Ich habe bei meinem Laptop ein kleines Problem mit meiner H2 Database:

Sobald ich mich an der Datenbank anmelden möchte, bekomme ich folgende Fehlermeldung:



> Eingabe/Ausgabe: java.io.FileNotFoundException: c:\ProgramFiles\H2\bin\test.lock.db (Zugriff verweigert)



Die JDBC URL ist richtig (jdbc:h2:tcp://localhost:9092/test), der Port ist freigegeben und auch bei der Firewall bekannt.

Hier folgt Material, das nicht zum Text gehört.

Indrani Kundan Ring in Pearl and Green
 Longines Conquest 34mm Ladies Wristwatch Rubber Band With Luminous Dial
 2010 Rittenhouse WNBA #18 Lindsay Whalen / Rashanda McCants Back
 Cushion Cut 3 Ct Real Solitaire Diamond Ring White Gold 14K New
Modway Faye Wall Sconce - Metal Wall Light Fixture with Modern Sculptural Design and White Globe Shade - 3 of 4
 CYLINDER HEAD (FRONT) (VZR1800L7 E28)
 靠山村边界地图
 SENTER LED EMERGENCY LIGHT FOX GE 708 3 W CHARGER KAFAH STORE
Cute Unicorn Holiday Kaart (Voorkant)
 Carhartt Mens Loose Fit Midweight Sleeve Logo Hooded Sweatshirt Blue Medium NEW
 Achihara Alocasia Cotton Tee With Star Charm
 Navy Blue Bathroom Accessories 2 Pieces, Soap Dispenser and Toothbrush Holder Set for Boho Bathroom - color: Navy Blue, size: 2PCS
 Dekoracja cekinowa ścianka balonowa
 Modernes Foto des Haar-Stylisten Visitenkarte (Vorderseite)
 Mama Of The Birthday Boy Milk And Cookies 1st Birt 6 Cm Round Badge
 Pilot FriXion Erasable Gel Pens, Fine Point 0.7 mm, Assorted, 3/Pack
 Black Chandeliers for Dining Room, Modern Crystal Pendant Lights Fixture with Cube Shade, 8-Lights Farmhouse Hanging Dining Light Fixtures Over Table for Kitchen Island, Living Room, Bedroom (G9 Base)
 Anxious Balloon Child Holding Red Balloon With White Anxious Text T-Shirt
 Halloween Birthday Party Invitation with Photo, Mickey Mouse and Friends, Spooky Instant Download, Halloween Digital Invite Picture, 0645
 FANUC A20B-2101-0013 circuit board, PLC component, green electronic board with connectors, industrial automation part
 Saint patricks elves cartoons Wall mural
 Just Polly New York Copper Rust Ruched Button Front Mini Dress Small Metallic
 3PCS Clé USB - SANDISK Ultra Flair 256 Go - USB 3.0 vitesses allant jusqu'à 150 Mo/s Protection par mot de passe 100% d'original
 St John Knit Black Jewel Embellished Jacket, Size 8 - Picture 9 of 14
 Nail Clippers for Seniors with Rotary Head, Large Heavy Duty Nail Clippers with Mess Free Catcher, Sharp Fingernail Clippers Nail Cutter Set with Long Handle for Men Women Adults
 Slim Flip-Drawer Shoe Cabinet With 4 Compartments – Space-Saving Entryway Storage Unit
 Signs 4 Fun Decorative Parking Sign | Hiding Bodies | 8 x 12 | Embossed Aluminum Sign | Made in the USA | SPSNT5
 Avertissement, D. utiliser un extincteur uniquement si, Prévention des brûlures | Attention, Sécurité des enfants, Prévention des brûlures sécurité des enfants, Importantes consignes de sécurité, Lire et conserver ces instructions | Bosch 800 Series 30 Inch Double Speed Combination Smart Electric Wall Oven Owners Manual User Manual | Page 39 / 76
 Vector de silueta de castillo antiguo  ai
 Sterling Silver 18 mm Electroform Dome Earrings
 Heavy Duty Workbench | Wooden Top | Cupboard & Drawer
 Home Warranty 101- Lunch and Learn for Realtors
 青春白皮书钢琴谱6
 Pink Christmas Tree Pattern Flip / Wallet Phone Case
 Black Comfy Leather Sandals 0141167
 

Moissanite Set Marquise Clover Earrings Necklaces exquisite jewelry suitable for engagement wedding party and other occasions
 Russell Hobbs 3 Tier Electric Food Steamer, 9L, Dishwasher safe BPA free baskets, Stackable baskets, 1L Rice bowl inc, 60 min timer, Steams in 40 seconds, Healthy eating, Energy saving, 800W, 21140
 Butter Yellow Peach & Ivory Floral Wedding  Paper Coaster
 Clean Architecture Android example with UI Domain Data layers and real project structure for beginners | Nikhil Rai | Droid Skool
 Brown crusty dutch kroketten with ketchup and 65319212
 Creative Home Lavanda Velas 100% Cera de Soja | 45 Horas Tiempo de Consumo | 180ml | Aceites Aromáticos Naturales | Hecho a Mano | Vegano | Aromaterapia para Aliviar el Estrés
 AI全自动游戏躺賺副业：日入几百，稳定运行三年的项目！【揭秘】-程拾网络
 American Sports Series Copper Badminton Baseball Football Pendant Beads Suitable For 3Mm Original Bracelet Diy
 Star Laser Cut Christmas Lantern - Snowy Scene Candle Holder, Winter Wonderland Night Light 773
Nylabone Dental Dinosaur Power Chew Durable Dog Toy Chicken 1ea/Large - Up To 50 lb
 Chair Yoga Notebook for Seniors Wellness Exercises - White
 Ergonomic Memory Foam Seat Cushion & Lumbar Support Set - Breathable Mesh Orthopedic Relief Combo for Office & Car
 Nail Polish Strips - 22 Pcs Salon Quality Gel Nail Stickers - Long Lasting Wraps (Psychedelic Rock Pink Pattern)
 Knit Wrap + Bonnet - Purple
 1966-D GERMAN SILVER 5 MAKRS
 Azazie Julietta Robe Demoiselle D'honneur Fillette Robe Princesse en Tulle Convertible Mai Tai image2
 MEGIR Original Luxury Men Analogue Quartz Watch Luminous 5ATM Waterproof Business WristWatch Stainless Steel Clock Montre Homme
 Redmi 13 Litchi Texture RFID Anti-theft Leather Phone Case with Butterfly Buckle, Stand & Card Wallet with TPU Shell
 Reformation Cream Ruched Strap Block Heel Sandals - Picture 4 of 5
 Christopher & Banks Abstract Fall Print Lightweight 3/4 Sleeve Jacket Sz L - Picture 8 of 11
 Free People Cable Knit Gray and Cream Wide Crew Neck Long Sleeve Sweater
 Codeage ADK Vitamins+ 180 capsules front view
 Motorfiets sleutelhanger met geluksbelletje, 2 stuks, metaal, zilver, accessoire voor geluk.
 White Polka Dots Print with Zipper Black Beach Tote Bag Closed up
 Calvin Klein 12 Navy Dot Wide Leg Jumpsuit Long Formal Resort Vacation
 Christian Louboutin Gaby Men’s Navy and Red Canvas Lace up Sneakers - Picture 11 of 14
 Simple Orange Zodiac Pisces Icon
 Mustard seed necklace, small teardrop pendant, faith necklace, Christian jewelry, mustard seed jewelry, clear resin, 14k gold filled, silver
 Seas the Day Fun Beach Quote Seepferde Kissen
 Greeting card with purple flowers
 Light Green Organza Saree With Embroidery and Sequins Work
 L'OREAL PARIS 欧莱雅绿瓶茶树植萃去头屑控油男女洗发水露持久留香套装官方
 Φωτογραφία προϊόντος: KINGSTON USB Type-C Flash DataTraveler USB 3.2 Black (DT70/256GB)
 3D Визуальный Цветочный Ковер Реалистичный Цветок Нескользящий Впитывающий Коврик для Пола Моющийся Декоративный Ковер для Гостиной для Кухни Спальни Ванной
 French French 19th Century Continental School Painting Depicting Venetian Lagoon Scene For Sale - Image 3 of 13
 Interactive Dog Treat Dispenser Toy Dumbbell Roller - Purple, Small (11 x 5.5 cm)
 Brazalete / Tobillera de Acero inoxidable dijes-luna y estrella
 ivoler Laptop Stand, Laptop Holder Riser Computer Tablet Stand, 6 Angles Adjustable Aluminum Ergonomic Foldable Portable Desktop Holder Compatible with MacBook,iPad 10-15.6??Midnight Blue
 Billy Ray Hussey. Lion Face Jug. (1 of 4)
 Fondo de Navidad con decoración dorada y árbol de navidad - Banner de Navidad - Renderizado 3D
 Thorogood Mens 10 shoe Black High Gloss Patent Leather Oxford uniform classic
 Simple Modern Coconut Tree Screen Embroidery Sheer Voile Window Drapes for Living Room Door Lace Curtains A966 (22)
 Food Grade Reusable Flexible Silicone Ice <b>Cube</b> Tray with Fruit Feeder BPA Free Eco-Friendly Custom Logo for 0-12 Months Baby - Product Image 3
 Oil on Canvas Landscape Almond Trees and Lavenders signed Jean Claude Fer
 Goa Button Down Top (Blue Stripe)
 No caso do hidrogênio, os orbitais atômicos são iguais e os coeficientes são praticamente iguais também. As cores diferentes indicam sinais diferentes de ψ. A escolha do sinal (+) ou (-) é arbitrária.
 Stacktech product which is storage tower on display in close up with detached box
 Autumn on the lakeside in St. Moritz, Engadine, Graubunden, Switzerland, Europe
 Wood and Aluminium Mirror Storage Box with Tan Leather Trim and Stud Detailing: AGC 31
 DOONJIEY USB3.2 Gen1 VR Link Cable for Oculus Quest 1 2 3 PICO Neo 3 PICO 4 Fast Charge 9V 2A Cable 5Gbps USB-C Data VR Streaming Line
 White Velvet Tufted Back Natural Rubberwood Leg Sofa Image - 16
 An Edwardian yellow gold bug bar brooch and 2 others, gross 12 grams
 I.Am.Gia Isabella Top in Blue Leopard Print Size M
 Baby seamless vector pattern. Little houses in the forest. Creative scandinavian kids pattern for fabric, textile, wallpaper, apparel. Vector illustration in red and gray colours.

Benutzername und Passwort sind auch richtig.

Betriebssystem ist Vista.

Woran kann das liegen? Auf einem anderen Rechner mit genau den selben Einstellungen funktioniert die Sache (nur ist auf dem anderen Rechner Windows XP Prof drauf).


----------



## maki (16. Jun 2009)

Lösch mal das Lockfile.


----------



## JohannisderKaeufer (16. Jun 2009)

Vista ist bei mir nun auch nicht mehr und das aus gutem Grunde.

Aber wenn ich mich recht entsinne gibt es in Vista ein paar kleine "Sicherheitsmaßnahmen".

Unter anderem sind wenn ich mich recht entsinne Schreibrechte im Programme Ordner nicht gern gesehen. Außer bei installationen und da gibts dann diese Sicherheitsabfragen.

Programme sollten ihre "Nutzdaten" daher in einem anderen Ordner anlegen. Application Files oder so ähnlich.


----------



## stefan. (16. Jun 2009)

Kopiere den H2 Ordner in dein User Verzeichnis (C:\users\name\h2 ..) das sollte ggf. das Problem lösen.


----------